Saturday 1 September 2018

Braying Donkeys

Some Reporters and Academics Are In Wonderland

Here is how inane some in the media have become when it comes to crime and punishment.
A lack of evidence jailing people longer puts them or anyone off committing crime makes it difficult to use deterrence as a reason to hand out long prison sentences, a High Court judge has said.  Justice Matthew Palmer told lawyers ahead of sentencing he wanted them to come to court with evidence longer sentences actually had the deterrent effect the law told him to consider.

Days later, defence lawyers came with research showing it didn't work.  The Crown turned up with nothing.  The sentencing notes of Justice Palmer reflect concern around the lack of evidence in an area which the Sentencing Act 2002 says should be considered when judges consider how long to send people to jail.  [NZ Herald]
This is how the story was played up ("framed")  by David Fisher, Herald reporter.  However, in the small print, the matter was quite different.

Palmer said it was "important to deter commercial drug dealing" but the research presented showed it was difficult to expect longer sentences would do so.  "The principle of deterrence on its own does not, in my view, justify a longer sentence if there is nothing to suggest that it would deter."

He said the [convicted] Wellingtons had given plenty of other cause under the law for the "significant" sentences they earned.  Those included holding the pair accountable for harm to the community, compelling a sense of responsibility over the harm caused, to send a message such behaviour was not acceptable and to protect the community offending by either of the two in future.

Riki Wellington, who has children aged 2 and 6, was sentenced on a string of methamphetamine supply charges involving 1.5kg of the drug.
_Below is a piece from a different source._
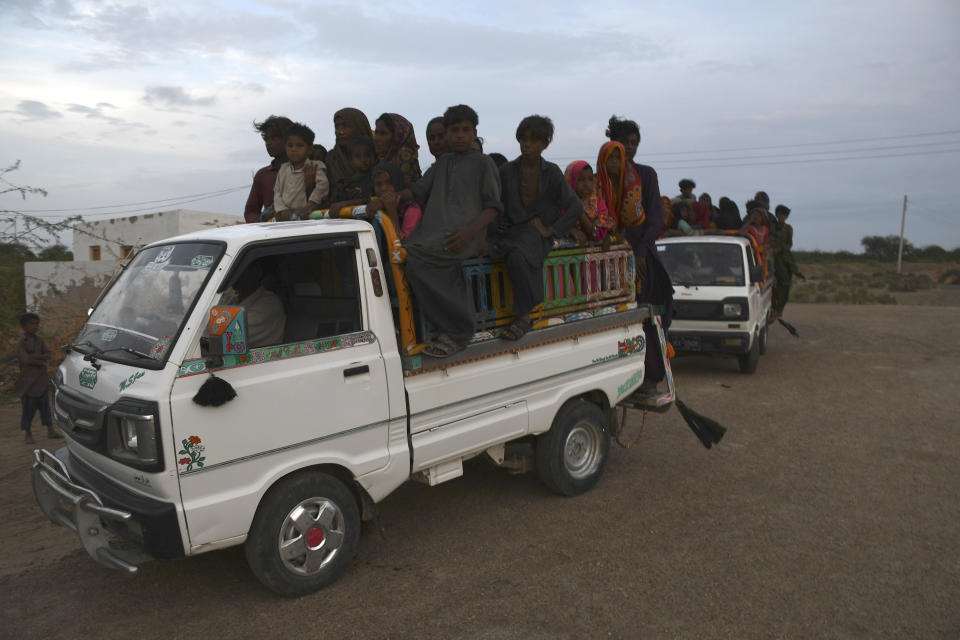 Local residents travel in vehicles as they evacuate the area due to Cyclone Biparjoy approaching, at a costal area Golarchi in Badin district, in Pakistan's Sindh province, Tuesday, June 13, 2023. Pakistan's army and civil authorities are planning to evacuate 80,000 people to safety along the country's southern coast, and thousands in neighboring India sought shelter ahead of Cyclone Biparjoy, officials said. (AP Photo/Umair Rajput)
He received 13 years in prison.  Palmer rejected Riki Wellington's lawyer's claim there were no victims of his offending, saying "there are very real victims of drug offending.  Supplying methamphetamine has undoubtedly ruined lives and communities of those to whom it was supplied."
The Judge sought to apply the law and handed down serious sentences.  But David Fisher wanted to grind his axe further.  Length of sentences is not a deterrent, anywhere, under any circumstances.  Period!  He raced to one of his "academic sources" in an effort to persuade us that punishment does not deter criminals.
Victoria University criminologist Dr Liam Martin said the theory of deterrence argued along two strands - that the wider community was put off committing crime because of long sentences and that the individual sent to prison did not commit further crime because of the length of sentence.

He said the idea the broader community was dissuaded from criminal offending was impossible to measure.  However, he said there was a large body of evidence showing individuals were not deterred by long sentences and some studies showed those people went on to commit more crime.
It seems to us that the esteemed academic, Dr Liam Martin has crossed a bridge too far.  His argument proves too much.  By his course of reasoning no prison sentences should be handed down for anything.  In fact, incarceration of any kind should be stopped.  Why?  Because it is utterly ineffective, apparently.  May as well have a person one day in prison rather than one decade.  It makes no difference whatsoever as to whether the offender goes on to commit more crime. 

David Fisher (Herald reporter) and Dr Liam Martin have both fallen down Alice's rabbit hole.  They have departed the actual world, preferring to live in their own bizarre Fairy Tale.